A perfectionist? Well, I don't know what perfect is. I only know what would be an ideal performance for myself, at any moment. And I'm aware of when I fall short of that, or if I miss, or if my thinking isn't smooth— things like that. In that way I'm a perfectionist, I guess.
Naturally I'm particular about pianos. After this many years playing any instrument you'd want the best, wouldn't you? And pianists have to go through horrors for years and years. So now that I'm in a position to sometimes get a better instrument if I need it, I'm sure going to do it. It's really a suffering thing to play on a bad instrument. Though the people don't usually know it, I'm suffering terribly and the chances for me to create, the scope of what I can do, are lessened considerably. The other guys in the group are suffering all the time, too; and the musical level of everything we do is lowered I really don't understand why all clubs don't have a permanently good piano. So a lot of the musicians don't respect the instrument enough? That could be taken care of, I'm sure, with a few rules. Like, for instance, Monk is very hard on the piano. But that doesn't change the fact that most of the places he plays in the States have good pianos.

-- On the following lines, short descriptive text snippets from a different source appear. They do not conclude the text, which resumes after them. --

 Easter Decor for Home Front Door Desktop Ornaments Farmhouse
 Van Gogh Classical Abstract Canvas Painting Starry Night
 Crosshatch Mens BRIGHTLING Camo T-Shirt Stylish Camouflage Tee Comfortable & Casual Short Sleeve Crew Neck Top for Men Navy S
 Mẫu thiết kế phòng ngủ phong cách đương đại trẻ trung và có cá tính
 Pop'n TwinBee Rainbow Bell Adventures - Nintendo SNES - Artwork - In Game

All piano jazz interested me initially, I guess. Earl Hines was one of the first to attract my attention; the way he put things together. And Nat Cole was to me one of the greatest jazz pianists there was in the 'Forties; he was just marvellous. But he underplayed it so much during his life that he never realised how good he was as a jazz pianist, I don't think. He was never recognised that much for his piano playing by the public, or even by critics, it seems.
Nat had this terrific lyrical sense, which later gave him the wonderful vocal style that he had. Plus the terrific swing. You know, just a marvellous feeling of time. And taste. His taste was so great; he played so economically, and so beautifully. I'll always remember his record of "Body And Soul" with the trio. The improvisation of his chorus on that was like a little masterpiece. It was put together, the ideas following one another, unlike any jazz that I'd ever heard before. Because he used one idea throughout the whole chorus, in sequence, shifting around and everything. He just was a hell of a jazz pianist.

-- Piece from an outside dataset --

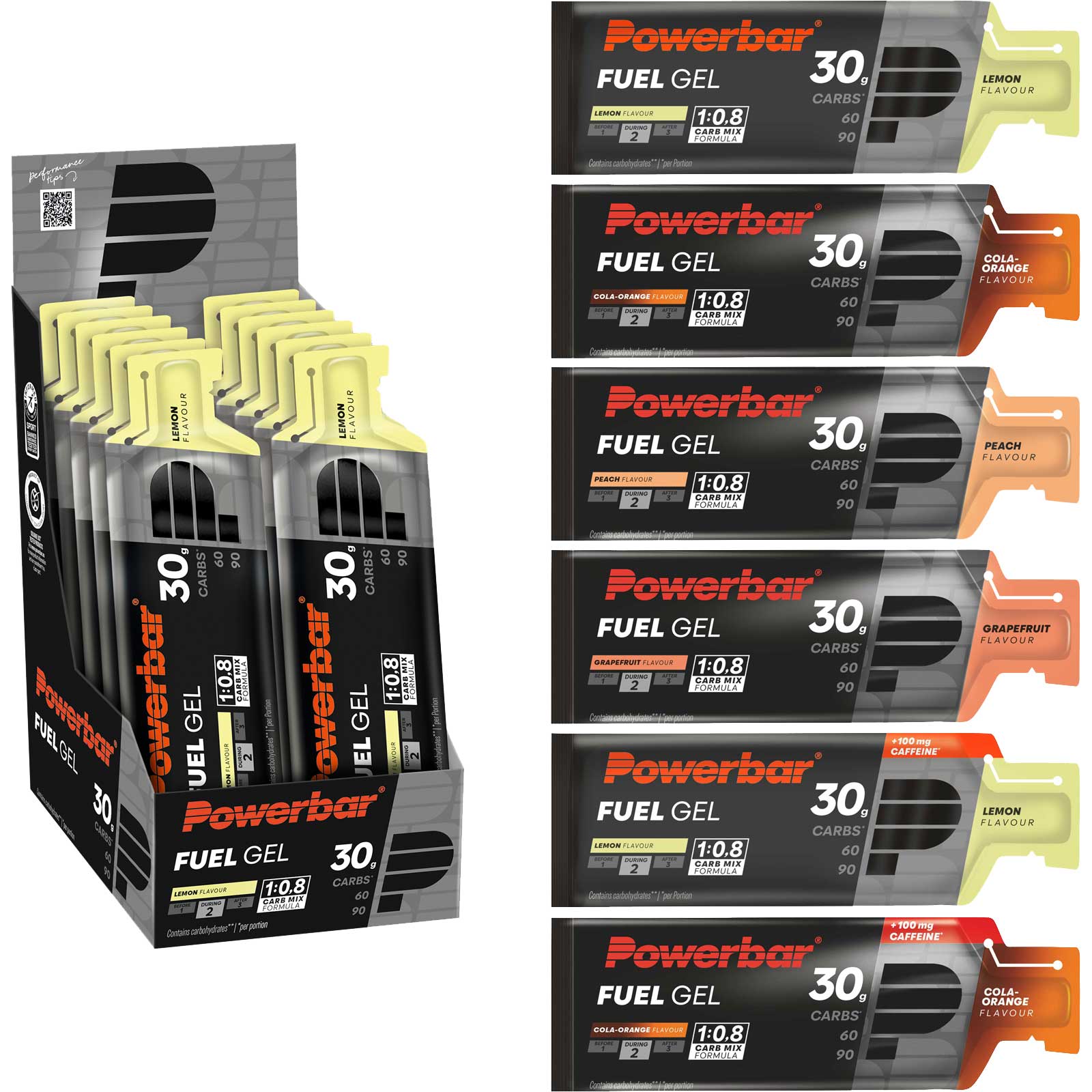 Productfoto van Powerbar Fuel 30 Gel - Energiegel - 12x50ml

When I got out of college, I went right on the road with Herbie Fields' band. Before my senior year in college, during the summer, I'd worked a little with Mundell Lowe and Red Mitchell in New York. I was looking to get away from home, and to get on with my business of playing. Tony Scott called me in New Jersey from New York, and said something like: "You wouldn't want to go with Herbie Fields, would you?" I said: "Yes".

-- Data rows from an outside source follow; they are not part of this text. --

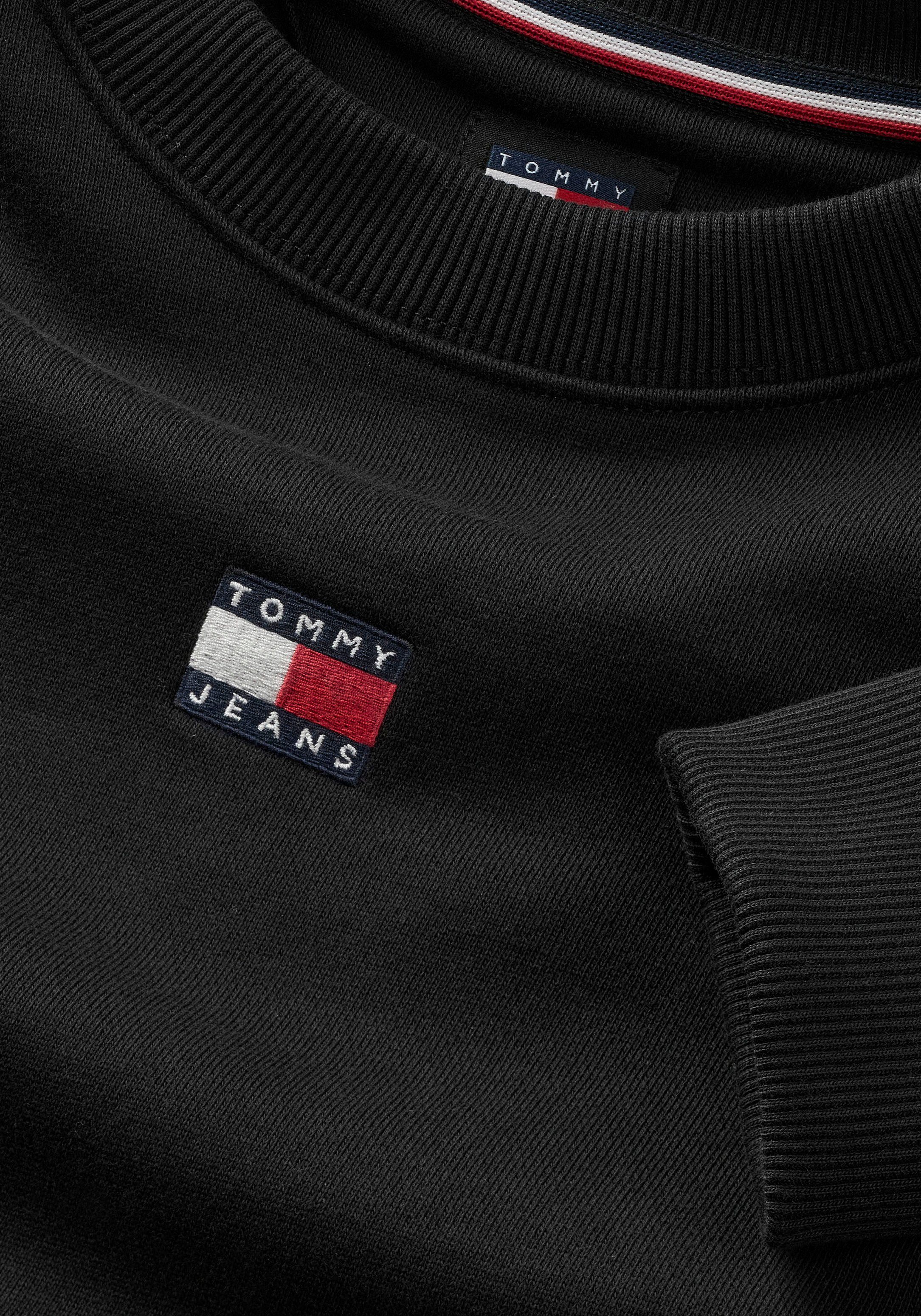 TOMMY JEANS Sweatshirt TJW BXY BADGE met drop-shoulder design en logo aan de voorkant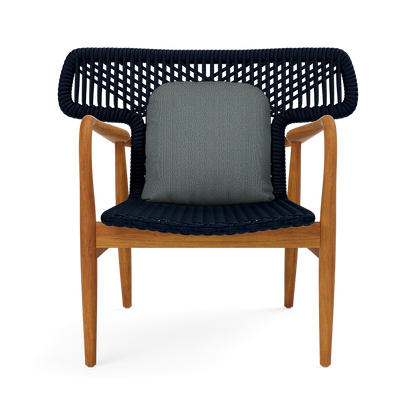 Garrison Outdoor Wing Chair - Yukon Ocean Stripe Outdoor Performance Velvet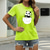 preiswerte T-Shirt-Damen Alltag Ausgehen T Shirt Graphic Panda Tier Kurzarm Bedruckt Rundhalsausschnitt Basic Oberteile 100% Baumwolle Grün Blau Grau S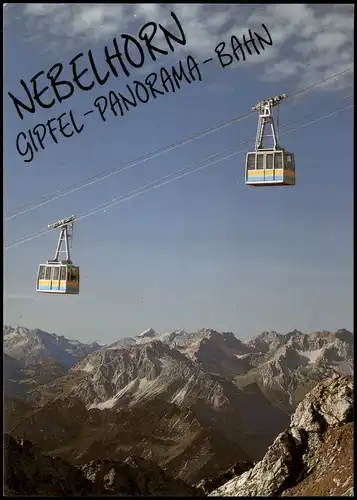 Oberstdorf (Allgäu) GIPFEL-PANORAMA-BAHN Nebelhorn Nebelhornbahn 2000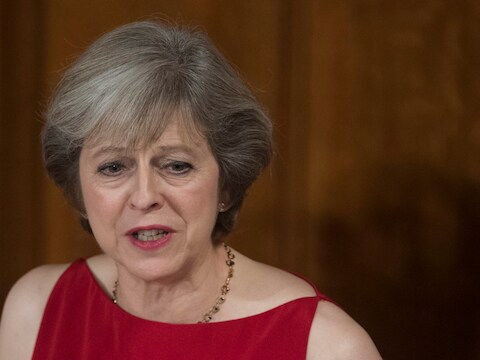 De Britse premier Theresa May.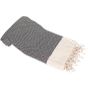 A&R Fouta Kemer Hamamzz® Black / Cream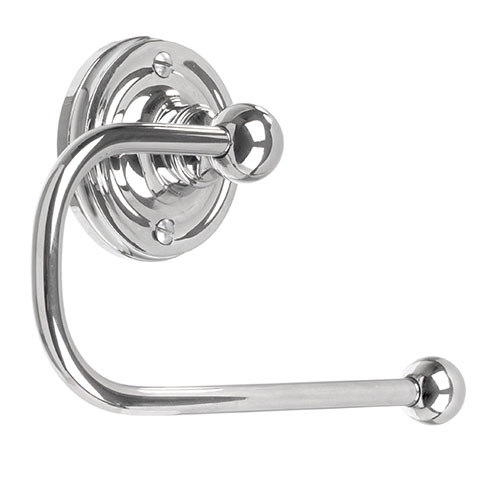 Bletchley Loo Roll Holder in Nickel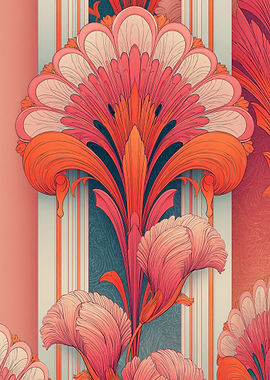 Art Nouveau Floral Pattern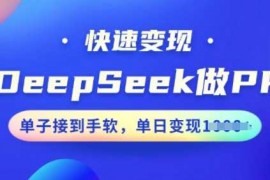 实战用DeepSeek做PPT，快速变现，单子接到手软，单日变现多张02-21冒泡网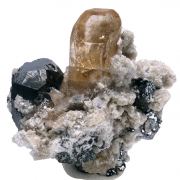 Bixbyite, topaz GREAT COMBO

So I did, and that was a seven- piece band that was modelled after Lionel Hampton's big band. He used the same format: the "Flying Home" flag- wavers, all the very hard, loud- type tunes; he was quite successful with it. Not many people are aware of it, but he had many many outstanding musicians go through that band, such as Tiny Kahn; Max Bennett, Doug Mettome, Jimmy Nottingham, Bobby Burgess, Frank Rosolino. He had Stan Getz in his big band at one time.
Anyhow, I was on the road with Herbie for about seven months, and was drafted right off the bandstand into the army. However, I enlisted to be sure I got into a band— and had to serve an extra year as a result. I was stationed near Chicago. On my release from the army I went home for about a year, played around Jersey for a while, and sort of got myself together a little bit. I moved to New York the next Spring, to make it or break it in jazz.